Exercise aim: With the pictures left out, print exactly the lines below that run from the one containing "A Rare Case" through the one containing "What is coronary".
======== Given data ========
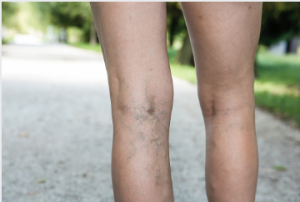 Varicose Vein Cure Adelaide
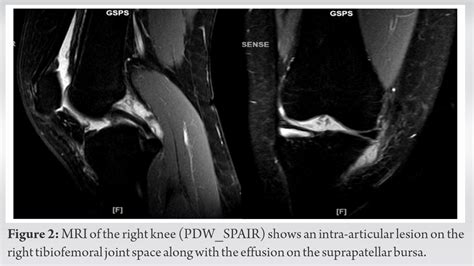 A Rare Case Of Synovial Chondromatosis Of Knee With Both Intra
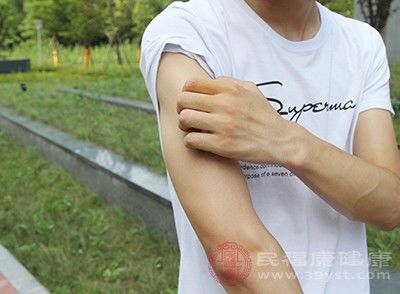  过敏症状：皮肤过敏的原因 换季竟会引起这个问题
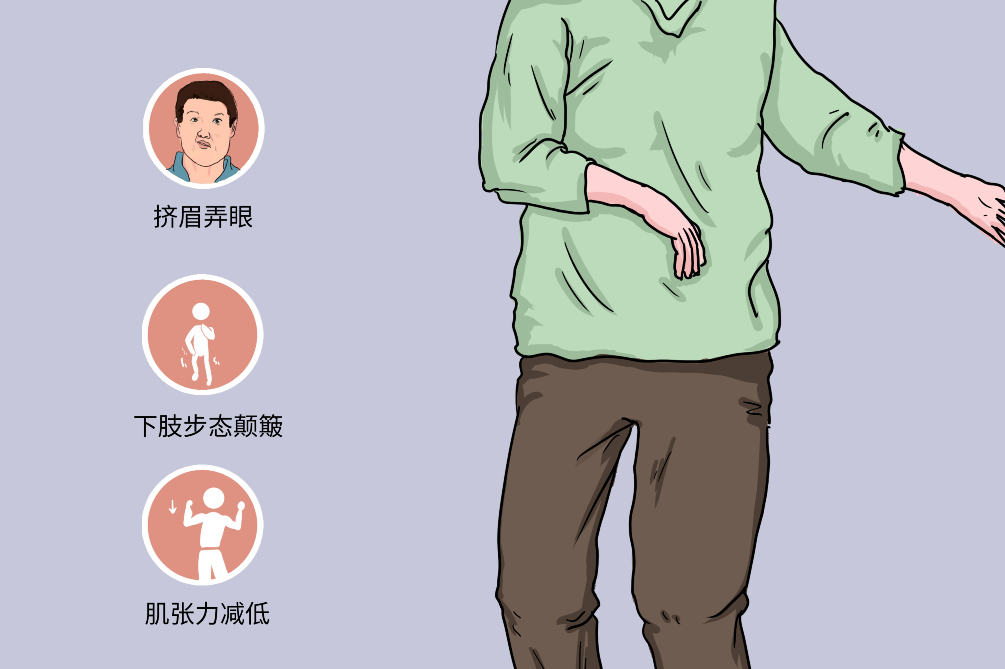 干細胞療法治療亨廷頓病的臨床前試驗進展 干細胞療法治療亨廷頓病的臨床前試驗進展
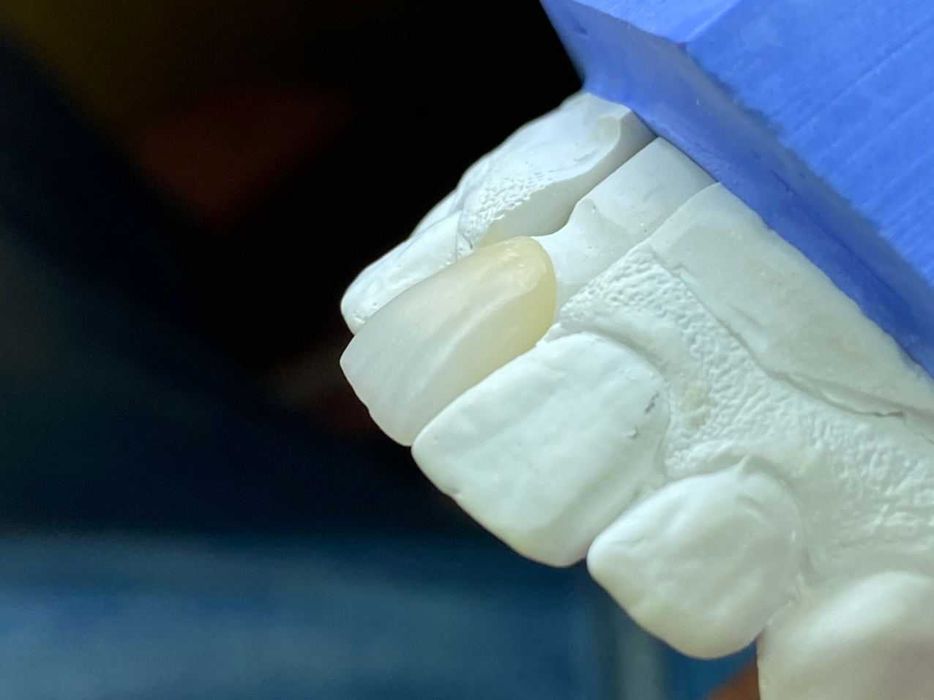 CAD/CAM Услуг Зуботехник Высококачественные Циркониевые Зуб Стоматолог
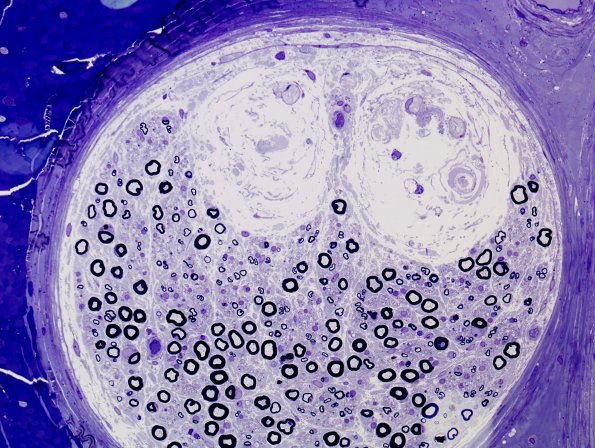 12F Renaut bodies (Case 17) Plastic 3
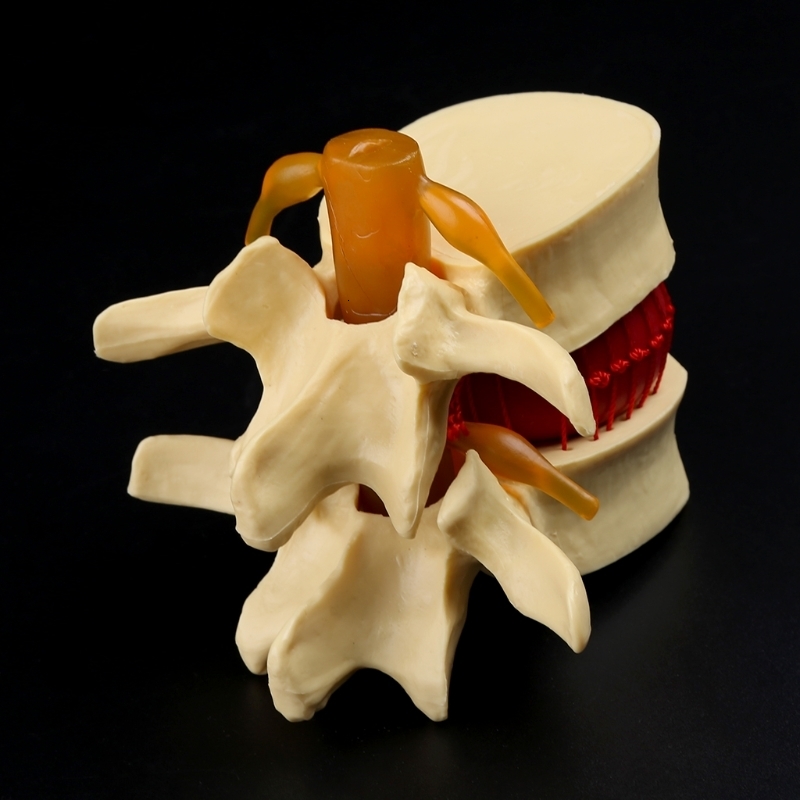 Other Office School Supplies props model Free postage Anatomical Spine Lumbar Disc Herniation Anatomy Teaching Tool 230703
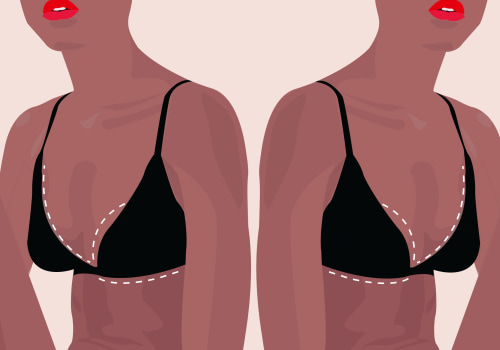 Breast Reduction: A Guide to Understanding the Procedure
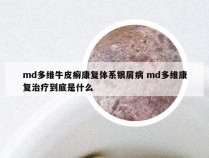 md多维牛皮癣康复体系银屑病 md多维康复治疗到底是什么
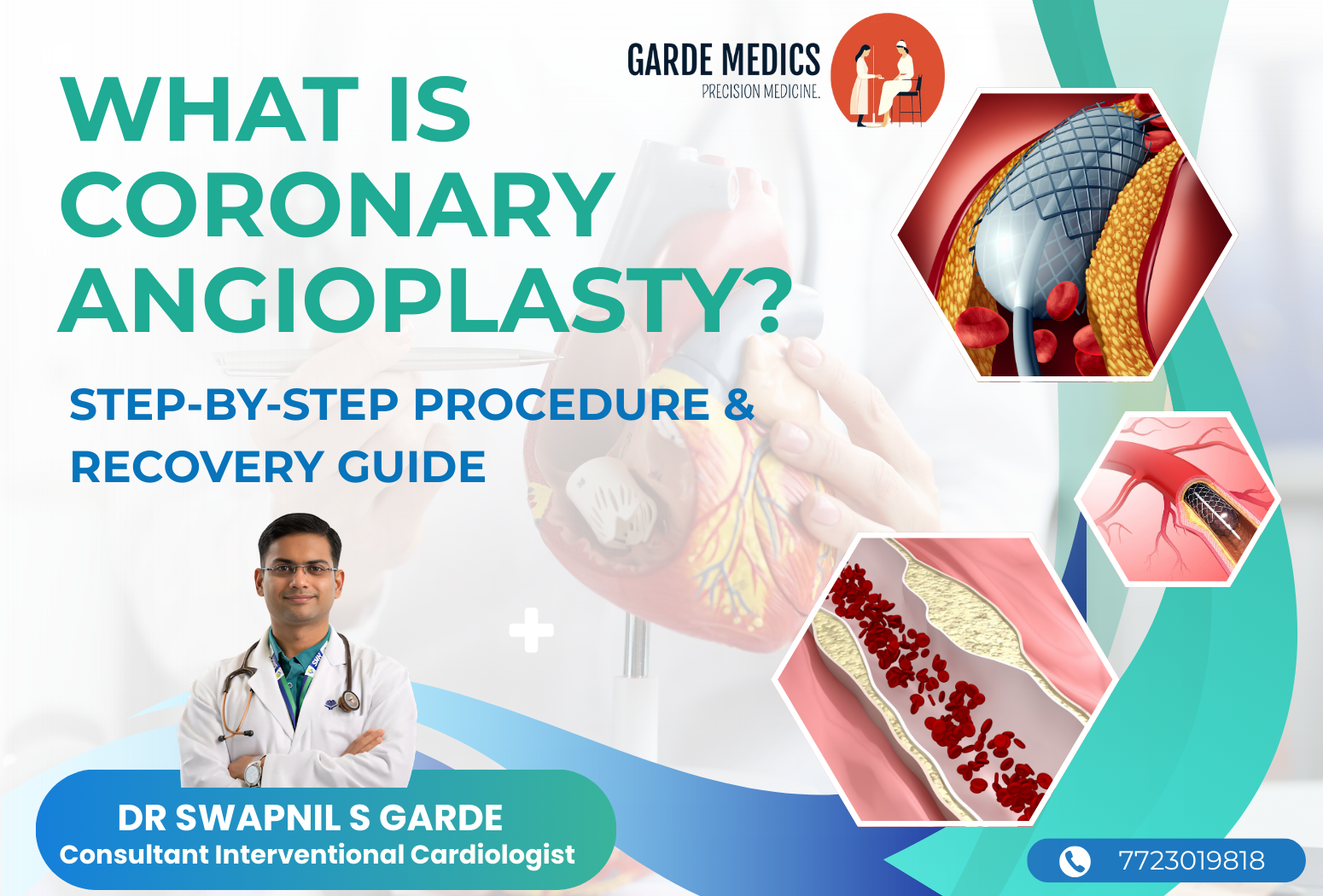 What is coronary angioplasty step-by-step procedure and recovery guide by Dr Swapnil S Garde cardiologist in Bhopal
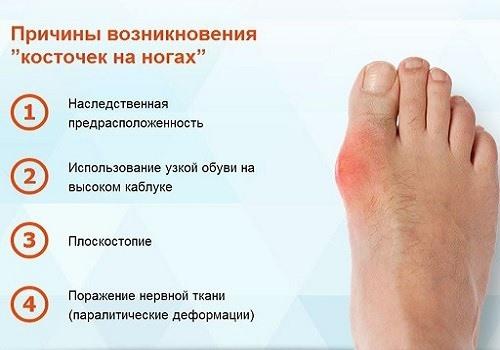 Почему растет косточка на ноге?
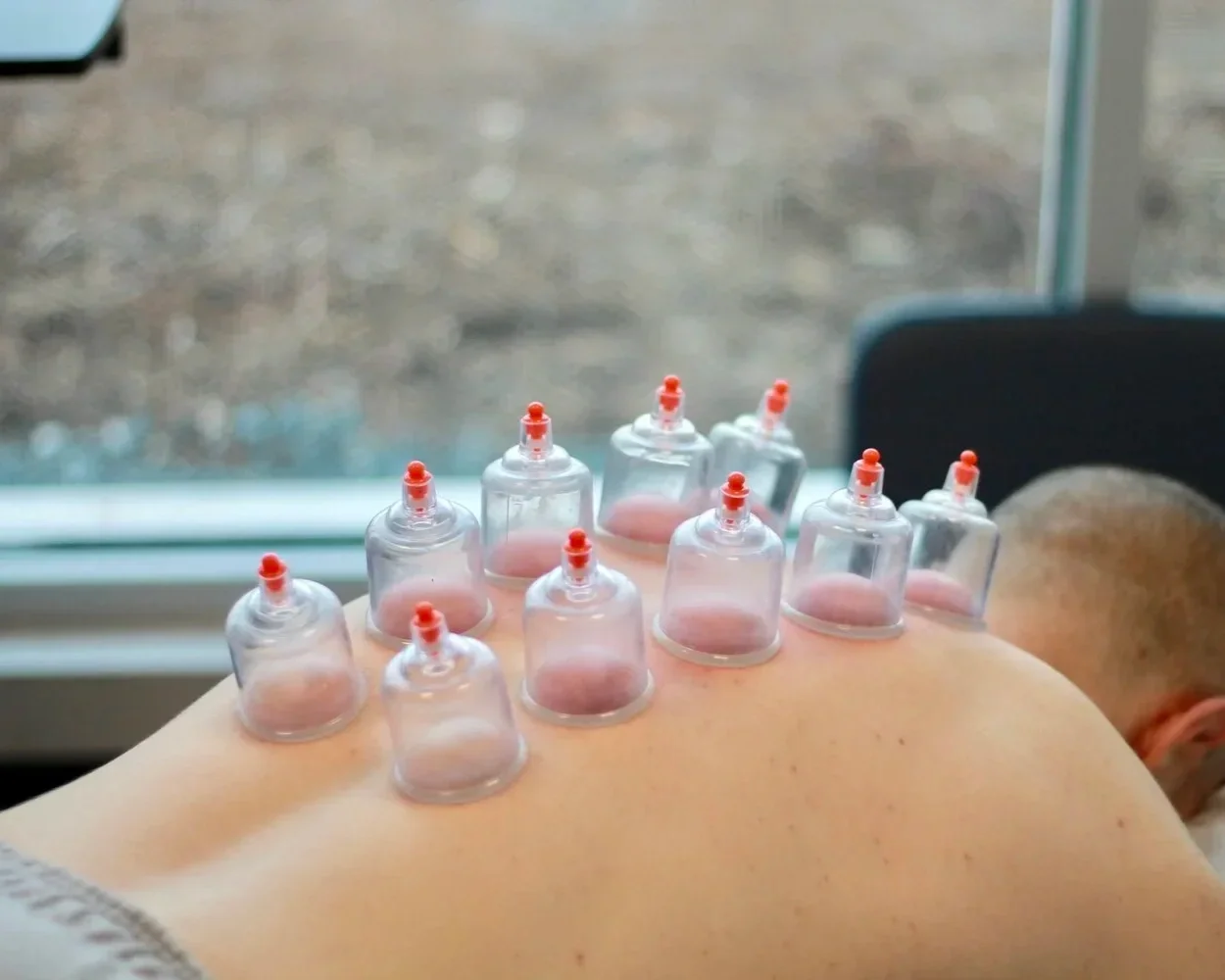 A person receiving cupping therapy with several small transparent cups placed on their back outside a window.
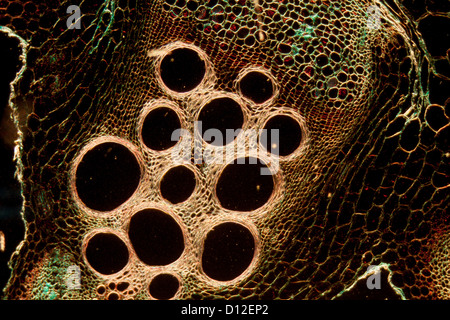 Micrografia tessuto vegetale, il gambo della zucca Foto Stock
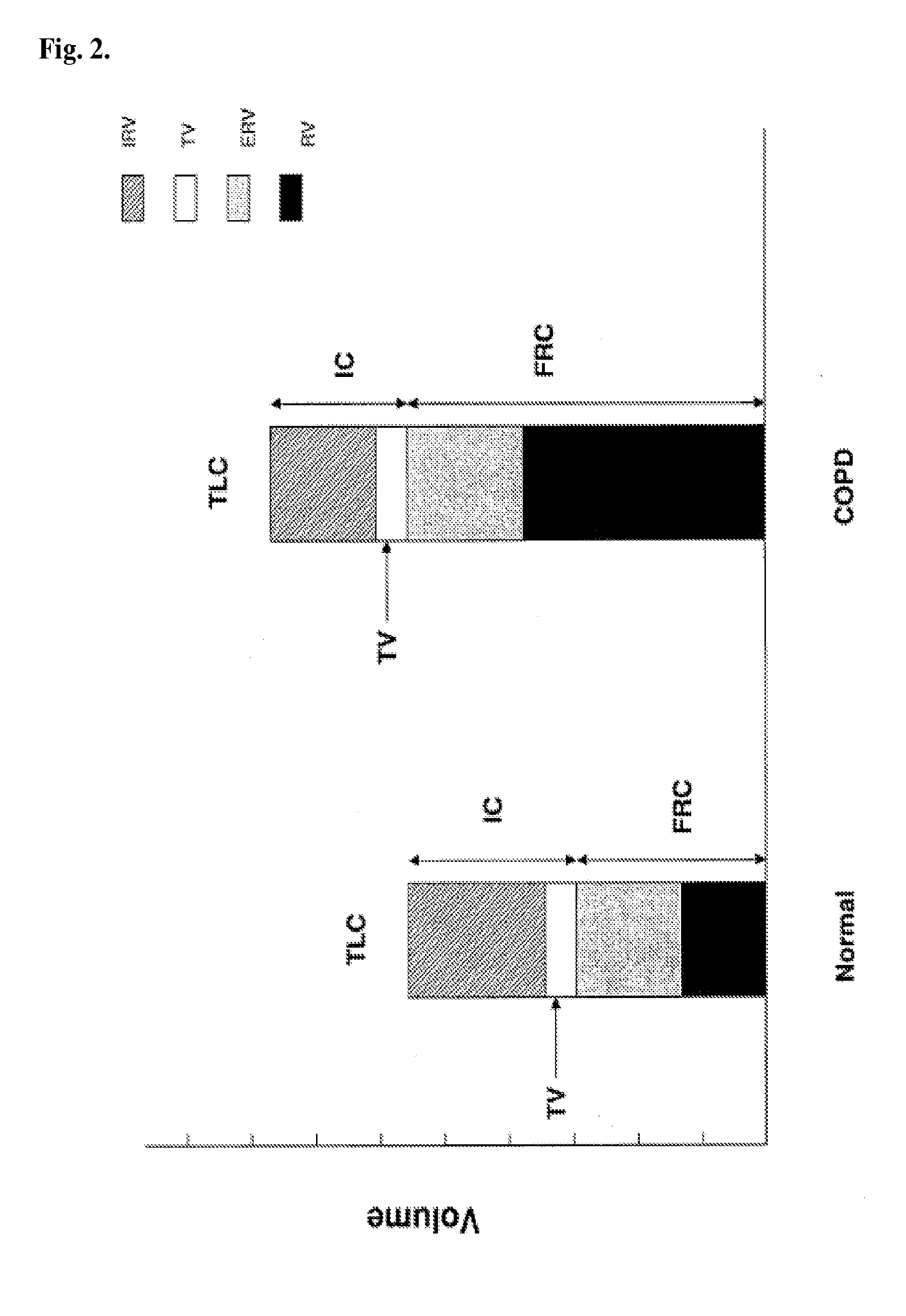 Apparatus and methods for assisting breathing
========
Solution to the problem:
 A Rare Case Of Synovial Chondromatosis Of Knee With Both Intra
  过敏症状：皮肤过敏的原因 换季竟会引起这个问题
 干細胞療法治療亨廷頓病的臨床前試驗進展 干細胞療法治療亨廷頓病的臨床前試驗進展
 CAD/CAM Услуг Зуботехник Высококачественные Циркониевые Зуб Стоматолог
 12F Renaut bodies (Case 17) Plastic 3
 Other Office School Supplies props model Free postage Anatomical Spine Lumbar Disc Herniation Anatomy Teaching Tool 230703
 Breast Reduction: A Guide to Understanding the Procedure
 md多维牛皮癣康复体系银屑病 md多维康复治疗到底是什么
 What is coronary angioplasty step-by-step procedure and recovery guide by Dr Swapnil S Garde cardiologist in Bhopal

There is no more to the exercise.